[Short descriptive text snippets]
+-------+

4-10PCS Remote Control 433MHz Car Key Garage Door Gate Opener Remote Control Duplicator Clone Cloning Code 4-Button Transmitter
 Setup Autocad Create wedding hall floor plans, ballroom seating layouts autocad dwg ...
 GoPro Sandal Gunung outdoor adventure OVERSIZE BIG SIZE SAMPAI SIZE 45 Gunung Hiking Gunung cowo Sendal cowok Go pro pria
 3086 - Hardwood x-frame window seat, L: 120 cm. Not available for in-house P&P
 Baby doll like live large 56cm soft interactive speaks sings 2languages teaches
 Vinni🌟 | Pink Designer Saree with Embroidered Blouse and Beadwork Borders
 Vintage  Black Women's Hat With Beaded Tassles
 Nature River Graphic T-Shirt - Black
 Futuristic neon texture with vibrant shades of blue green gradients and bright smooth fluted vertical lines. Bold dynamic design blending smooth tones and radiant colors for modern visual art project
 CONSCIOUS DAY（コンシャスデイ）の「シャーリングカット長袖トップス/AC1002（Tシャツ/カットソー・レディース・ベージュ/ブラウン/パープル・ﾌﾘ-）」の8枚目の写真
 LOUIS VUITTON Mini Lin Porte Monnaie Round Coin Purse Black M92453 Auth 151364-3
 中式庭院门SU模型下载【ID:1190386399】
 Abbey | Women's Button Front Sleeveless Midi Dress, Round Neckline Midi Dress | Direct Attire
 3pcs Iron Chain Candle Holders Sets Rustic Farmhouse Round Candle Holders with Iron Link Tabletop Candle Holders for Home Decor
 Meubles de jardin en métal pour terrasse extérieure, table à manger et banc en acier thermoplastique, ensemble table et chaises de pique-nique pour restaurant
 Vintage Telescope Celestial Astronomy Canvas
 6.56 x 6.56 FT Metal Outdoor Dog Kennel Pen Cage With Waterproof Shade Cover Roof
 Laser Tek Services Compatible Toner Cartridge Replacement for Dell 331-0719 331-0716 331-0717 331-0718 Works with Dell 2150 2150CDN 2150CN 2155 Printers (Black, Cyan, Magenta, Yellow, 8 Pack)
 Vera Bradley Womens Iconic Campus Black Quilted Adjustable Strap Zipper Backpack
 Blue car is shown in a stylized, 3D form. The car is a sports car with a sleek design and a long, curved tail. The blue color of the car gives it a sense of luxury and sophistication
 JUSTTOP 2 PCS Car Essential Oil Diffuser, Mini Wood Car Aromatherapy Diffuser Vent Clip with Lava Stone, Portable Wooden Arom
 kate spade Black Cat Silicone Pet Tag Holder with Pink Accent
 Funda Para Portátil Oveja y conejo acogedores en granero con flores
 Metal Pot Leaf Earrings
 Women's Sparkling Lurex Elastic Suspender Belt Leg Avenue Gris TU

+-------+

:: Brief ::
Write out the records in full, exactly as they appear above.

:: Result of the exercise ::
4-10PCS Remote Control 433MHz Car Key Garage Door Gate Opener Remote Control Duplicator Clone Cloning Code 4-Button Transmitter
 Setup Autocad Create wedding hall floor plans, ballroom seating layouts autocad dwg ...
 GoPro Sandal Gunung outdoor adventure OVERSIZE BIG SIZE SAMPAI SIZE 45 Gunung Hiking Gunung cowo Sendal cowok Go pro pria
 3086 - Hardwood x-frame window seat, L: 120 cm. Not available for in-house P&P
 Baby doll like live large 56cm soft interactive speaks sings 2languages teaches
 Vinni🌟 | Pink Designer Saree with Embroidered Blouse and Beadwork Borders
 Vintage  Black Women's Hat With Beaded Tassles
 Nature River Graphic T-Shirt - Black
 Futuristic neon texture with vibrant shades of blue green gradients and bright smooth fluted vertical lines. Bold dynamic design blending smooth tones and radiant colors for modern visual art project
 CONSCIOUS DAY（コンシャスデイ）の「シャーリングカット長袖トップス/AC1002（Tシャツ/カットソー・レディース・ベージュ/ブラウン/パープル・ﾌﾘ-）」の8枚目の写真
 LOUIS VUITTON Mini Lin Porte Monnaie Round Coin Purse Black M92453 Auth 151364-3
 中式庭院门SU模型下载【ID:1190386399】
 Abbey | Women's Button Front Sleeveless Midi Dress, Round Neckline Midi Dress | Direct Attire
 3pcs Iron Chain Candle Holders Sets Rustic Farmhouse Round Candle Holders with Iron Link Tabletop Candle Holders for Home Decor
 Meubles de jardin en métal pour terrasse extérieure, table à manger et banc en acier thermoplastique, ensemble table et chaises de pique-nique pour restaurant
 Vintage Telescope Celestial Astronomy Canvas
 6.56 x 6.56 FT Metal Outdoor Dog Kennel Pen Cage With Waterproof Shade Cover Roof
 Laser Tek Services Compatible Toner Cartridge Replacement for Dell 331-0719 331-0716 331-0717 331-0718 Works with Dell 2150 2150CDN 2150CN 2155 Printers (Black, Cyan, Magenta, Yellow, 8 Pack)
 Vera Bradley Womens Iconic Campus Black Quilted Adjustable Strap Zipper Backpack
 Blue car is shown in a stylized, 3D form. The car is a sports car with a sleek design and a long, curved tail. The blue color of the car gives it a sense of luxury and sophistication
 JUSTTOP 2 PCS Car Essential Oil Diffuser, Mini Wood Car Aromatherapy Diffuser Vent Clip with Lava Stone, Portable Wooden Arom
 kate spade Black Cat Silicone Pet Tag Holder with Pink Accent
 Funda Para Portátil Oveja y conejo acogedores en granero con flores
 Metal Pot Leaf Earrings
 Women's Sparkling Lurex Elastic Suspender Belt Leg Avenue Gris TU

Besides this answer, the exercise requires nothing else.